Par déclaration d’intention d’aliéner, déposée à la mairie du HAVRE le 19 mai 2008, la société civile immobilière OCEANIC a fait connaître son intention de vendre un ensemble immobilier lui appartenant, situé au HAVRE, XXX, cadastré section XXX, d’une superficie de 14.457 m2, moyennant un prix de 6.000.000 €, outre une commission d’agence de 717.600 €.
Cet ensemble immobilier est situé à l’intérieur du périmètre du droit de préemption urbain, délégué par la ville du HAVRE à l’Etablissement Public Foncier de Normandie par décision du 5 juillet 2008.

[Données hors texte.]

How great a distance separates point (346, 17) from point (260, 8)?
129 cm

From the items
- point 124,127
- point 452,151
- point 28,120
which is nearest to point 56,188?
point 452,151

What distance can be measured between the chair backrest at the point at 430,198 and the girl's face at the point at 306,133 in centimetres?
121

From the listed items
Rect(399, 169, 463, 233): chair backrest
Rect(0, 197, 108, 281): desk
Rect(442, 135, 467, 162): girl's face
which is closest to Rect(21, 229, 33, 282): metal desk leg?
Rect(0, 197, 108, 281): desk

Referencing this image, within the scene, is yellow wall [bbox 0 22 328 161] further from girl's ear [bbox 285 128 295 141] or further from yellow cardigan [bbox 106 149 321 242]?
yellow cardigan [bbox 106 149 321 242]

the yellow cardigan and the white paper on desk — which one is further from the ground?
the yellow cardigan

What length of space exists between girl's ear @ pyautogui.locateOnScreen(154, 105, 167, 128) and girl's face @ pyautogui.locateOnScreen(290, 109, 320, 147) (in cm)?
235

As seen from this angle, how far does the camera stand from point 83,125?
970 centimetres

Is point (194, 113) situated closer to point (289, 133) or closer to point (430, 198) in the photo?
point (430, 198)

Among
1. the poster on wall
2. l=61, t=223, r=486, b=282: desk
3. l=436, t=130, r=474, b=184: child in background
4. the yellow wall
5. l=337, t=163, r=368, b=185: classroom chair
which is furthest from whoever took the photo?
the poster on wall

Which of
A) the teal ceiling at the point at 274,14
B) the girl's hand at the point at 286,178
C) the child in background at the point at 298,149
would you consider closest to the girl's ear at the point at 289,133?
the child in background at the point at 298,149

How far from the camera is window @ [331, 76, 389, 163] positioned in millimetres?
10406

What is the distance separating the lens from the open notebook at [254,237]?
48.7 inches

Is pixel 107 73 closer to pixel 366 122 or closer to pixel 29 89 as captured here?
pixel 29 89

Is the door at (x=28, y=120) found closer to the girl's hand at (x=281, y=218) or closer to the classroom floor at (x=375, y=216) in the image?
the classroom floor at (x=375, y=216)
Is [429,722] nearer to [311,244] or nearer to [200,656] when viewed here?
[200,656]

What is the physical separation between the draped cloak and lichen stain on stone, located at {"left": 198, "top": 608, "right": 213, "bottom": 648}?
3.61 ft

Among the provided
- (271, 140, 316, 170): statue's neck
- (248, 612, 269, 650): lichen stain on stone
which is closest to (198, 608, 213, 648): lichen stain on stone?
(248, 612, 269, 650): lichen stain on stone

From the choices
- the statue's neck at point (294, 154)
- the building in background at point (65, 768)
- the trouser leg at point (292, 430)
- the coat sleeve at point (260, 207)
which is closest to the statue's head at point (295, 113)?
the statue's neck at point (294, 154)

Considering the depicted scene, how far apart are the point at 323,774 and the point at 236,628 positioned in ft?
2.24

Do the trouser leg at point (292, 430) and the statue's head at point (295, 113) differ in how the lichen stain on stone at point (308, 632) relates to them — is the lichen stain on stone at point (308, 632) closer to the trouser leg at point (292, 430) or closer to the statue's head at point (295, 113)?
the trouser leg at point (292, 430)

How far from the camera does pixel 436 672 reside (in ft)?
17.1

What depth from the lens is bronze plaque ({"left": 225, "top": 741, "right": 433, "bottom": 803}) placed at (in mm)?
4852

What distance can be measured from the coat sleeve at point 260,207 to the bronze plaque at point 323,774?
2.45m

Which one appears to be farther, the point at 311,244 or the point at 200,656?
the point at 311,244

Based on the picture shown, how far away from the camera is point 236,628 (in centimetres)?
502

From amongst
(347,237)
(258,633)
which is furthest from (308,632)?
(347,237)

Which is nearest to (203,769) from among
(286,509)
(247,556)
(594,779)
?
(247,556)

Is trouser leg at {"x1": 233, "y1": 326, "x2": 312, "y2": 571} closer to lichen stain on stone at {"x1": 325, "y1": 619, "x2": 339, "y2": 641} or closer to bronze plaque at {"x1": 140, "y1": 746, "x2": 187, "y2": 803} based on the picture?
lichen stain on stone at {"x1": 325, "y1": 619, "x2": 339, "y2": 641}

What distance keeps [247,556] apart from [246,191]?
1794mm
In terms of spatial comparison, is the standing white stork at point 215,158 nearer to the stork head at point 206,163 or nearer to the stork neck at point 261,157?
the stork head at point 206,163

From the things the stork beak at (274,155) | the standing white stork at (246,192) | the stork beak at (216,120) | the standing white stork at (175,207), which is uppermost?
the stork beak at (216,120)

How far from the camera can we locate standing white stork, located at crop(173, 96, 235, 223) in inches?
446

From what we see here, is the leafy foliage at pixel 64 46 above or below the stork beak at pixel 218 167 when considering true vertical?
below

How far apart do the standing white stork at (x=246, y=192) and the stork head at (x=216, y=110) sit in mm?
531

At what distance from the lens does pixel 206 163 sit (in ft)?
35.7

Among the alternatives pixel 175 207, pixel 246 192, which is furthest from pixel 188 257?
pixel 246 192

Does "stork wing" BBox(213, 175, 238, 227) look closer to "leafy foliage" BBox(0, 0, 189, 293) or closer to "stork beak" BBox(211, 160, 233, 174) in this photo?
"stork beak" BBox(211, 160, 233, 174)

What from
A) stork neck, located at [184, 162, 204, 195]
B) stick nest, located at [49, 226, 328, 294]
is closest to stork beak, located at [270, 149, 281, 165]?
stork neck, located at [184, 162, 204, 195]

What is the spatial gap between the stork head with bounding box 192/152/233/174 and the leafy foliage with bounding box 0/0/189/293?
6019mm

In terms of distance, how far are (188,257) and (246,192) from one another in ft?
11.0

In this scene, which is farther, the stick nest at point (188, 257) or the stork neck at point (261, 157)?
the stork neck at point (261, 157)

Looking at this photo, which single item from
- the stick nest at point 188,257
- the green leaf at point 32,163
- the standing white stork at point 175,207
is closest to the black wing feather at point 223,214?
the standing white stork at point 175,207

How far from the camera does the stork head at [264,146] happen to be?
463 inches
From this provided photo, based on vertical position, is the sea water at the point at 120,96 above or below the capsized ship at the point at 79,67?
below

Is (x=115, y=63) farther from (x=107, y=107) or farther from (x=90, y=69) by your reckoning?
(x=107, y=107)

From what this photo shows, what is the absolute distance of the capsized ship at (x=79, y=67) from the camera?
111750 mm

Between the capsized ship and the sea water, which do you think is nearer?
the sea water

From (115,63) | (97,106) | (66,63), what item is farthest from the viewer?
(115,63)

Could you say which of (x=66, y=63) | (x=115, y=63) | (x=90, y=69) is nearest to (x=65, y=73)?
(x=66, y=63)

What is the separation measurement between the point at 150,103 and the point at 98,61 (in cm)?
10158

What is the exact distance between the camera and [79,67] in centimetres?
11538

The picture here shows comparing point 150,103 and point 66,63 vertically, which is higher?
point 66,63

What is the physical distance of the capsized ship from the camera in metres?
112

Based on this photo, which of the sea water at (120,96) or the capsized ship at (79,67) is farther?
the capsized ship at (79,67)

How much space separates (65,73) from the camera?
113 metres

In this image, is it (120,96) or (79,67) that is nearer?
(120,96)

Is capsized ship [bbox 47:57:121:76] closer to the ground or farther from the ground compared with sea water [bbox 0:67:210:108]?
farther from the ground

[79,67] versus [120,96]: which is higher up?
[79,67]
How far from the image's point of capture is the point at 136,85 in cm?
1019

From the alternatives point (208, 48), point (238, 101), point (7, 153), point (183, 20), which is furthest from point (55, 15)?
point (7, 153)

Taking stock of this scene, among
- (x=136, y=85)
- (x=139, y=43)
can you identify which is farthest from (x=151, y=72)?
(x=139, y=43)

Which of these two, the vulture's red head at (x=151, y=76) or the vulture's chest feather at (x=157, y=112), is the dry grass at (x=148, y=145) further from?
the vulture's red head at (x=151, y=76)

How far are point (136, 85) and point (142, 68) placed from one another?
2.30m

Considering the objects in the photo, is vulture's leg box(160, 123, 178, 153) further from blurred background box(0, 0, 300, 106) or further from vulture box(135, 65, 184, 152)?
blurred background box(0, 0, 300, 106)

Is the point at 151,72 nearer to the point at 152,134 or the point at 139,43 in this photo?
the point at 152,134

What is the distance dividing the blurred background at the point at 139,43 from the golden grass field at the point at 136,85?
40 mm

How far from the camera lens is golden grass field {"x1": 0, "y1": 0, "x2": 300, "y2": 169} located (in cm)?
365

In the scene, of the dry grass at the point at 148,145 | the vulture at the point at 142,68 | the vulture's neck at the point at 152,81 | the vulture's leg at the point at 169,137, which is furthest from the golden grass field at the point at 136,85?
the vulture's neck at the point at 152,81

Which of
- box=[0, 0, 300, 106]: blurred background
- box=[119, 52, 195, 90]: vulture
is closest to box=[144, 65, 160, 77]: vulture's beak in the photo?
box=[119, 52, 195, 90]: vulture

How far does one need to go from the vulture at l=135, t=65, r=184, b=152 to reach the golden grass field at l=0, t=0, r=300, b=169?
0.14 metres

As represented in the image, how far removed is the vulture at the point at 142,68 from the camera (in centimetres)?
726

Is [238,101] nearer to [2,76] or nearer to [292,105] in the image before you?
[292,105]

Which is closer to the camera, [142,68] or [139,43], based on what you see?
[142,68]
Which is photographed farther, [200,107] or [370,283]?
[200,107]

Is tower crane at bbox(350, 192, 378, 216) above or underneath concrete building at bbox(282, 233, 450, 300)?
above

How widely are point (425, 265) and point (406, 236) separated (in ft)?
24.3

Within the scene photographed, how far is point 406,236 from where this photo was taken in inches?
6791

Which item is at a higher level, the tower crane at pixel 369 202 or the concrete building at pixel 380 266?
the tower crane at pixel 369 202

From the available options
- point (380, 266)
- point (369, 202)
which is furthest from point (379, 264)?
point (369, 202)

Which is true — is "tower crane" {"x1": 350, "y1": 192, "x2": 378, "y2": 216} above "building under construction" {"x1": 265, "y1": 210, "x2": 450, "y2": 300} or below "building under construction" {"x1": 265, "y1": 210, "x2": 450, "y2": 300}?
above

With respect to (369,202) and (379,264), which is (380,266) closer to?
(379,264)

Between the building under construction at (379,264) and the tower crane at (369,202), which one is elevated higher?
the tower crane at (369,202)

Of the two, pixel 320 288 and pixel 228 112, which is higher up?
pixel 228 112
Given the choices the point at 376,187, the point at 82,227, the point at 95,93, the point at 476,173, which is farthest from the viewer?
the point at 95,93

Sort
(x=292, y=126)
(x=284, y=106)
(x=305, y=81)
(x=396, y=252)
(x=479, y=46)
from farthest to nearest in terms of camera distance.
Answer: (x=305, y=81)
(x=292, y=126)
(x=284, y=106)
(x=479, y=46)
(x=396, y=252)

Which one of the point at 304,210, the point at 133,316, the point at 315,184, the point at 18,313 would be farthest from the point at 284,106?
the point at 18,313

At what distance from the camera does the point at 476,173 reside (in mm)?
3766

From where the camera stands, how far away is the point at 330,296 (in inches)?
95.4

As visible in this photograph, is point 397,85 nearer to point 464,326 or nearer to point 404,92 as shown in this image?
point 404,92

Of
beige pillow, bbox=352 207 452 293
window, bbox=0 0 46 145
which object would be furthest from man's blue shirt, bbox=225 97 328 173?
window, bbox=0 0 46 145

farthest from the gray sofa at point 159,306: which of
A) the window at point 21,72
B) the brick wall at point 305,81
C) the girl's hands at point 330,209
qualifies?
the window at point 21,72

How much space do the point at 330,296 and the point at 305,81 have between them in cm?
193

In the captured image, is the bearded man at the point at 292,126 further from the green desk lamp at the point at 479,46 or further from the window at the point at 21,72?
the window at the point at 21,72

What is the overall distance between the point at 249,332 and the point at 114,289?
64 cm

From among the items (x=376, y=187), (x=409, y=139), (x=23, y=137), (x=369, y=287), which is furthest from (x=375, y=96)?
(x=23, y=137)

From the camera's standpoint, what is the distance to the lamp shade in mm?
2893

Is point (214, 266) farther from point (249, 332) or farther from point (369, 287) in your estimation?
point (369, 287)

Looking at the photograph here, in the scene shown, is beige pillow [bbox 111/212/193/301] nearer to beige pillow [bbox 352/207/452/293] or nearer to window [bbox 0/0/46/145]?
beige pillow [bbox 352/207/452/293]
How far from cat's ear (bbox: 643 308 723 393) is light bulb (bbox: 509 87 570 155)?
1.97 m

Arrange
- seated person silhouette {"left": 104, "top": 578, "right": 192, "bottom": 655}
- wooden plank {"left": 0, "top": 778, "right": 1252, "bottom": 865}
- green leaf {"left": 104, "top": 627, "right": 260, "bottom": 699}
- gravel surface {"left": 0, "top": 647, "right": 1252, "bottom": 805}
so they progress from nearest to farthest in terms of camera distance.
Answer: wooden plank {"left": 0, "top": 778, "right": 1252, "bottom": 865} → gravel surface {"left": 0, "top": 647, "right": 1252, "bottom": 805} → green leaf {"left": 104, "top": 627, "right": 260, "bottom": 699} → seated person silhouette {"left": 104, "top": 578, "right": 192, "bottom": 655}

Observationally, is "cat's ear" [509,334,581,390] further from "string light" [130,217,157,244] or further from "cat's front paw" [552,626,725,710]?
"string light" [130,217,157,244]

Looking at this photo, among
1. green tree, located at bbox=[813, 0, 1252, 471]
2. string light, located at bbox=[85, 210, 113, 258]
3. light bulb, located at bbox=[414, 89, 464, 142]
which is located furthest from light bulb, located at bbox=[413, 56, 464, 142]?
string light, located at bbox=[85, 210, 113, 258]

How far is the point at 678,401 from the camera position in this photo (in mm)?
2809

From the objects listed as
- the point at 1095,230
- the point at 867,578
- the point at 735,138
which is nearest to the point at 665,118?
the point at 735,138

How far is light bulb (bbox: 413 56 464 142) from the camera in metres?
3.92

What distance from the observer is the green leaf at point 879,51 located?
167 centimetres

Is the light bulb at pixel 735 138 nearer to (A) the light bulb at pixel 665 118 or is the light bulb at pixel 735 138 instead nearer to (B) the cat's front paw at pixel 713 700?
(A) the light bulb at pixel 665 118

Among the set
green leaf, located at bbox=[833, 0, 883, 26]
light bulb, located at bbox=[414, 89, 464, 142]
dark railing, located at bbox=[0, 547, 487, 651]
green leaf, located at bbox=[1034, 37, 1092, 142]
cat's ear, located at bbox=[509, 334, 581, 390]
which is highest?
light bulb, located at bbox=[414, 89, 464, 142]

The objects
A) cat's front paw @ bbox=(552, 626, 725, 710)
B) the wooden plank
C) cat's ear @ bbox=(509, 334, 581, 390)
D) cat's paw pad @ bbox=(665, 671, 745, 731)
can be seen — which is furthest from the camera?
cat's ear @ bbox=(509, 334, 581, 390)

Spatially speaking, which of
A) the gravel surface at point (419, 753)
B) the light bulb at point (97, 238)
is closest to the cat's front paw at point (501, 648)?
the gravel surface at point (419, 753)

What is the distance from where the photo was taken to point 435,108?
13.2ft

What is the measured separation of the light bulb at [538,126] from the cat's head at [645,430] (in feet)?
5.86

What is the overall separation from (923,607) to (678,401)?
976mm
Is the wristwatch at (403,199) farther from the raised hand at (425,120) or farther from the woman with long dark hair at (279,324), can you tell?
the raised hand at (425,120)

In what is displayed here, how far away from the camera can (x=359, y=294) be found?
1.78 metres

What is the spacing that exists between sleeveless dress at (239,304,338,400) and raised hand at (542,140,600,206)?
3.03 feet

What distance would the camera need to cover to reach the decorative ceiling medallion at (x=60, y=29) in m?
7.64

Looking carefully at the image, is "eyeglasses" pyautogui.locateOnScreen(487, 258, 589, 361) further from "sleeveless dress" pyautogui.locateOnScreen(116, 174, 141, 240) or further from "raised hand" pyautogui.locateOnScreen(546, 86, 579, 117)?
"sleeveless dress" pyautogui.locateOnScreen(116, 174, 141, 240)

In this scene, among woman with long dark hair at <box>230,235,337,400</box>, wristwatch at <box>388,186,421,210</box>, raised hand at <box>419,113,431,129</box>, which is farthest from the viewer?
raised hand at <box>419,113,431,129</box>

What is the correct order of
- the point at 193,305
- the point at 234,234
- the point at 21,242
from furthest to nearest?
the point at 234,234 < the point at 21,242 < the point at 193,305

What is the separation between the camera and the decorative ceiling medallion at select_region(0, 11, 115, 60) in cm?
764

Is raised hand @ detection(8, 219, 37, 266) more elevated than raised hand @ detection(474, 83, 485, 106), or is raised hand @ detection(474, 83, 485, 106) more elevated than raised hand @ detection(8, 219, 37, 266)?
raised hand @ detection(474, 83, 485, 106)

Le 17 juillet 2008, l’Etablissement Public Foncier de Normandie a déclaré exercer son droit de préemption urbain sur l’immeuble appartenant à la SCI OCEANIC, moyennant un prix de 4.915.000 €, estimé selon la méthode de la récupération foncière, avant déclaration du coût des travaux de démolition des constructions, évalué à 400.000 €, et du montant des frais de dépollution estimés à 1.500.000 €, le prix net dû au vendeur s’élevant à 3.015,000 €, outre une commission d’agence immobilière d’un montant de 491.500 €.
La décision de préemption a été notifiée à Maître LAPERCHE, notaire à BOLBEC, le 18 juillet 2008.
Le 17 septembre 2008 la SCI OCEANIC a maintenu sa demande initiale et a sollicité la fixation judiciaire du prix.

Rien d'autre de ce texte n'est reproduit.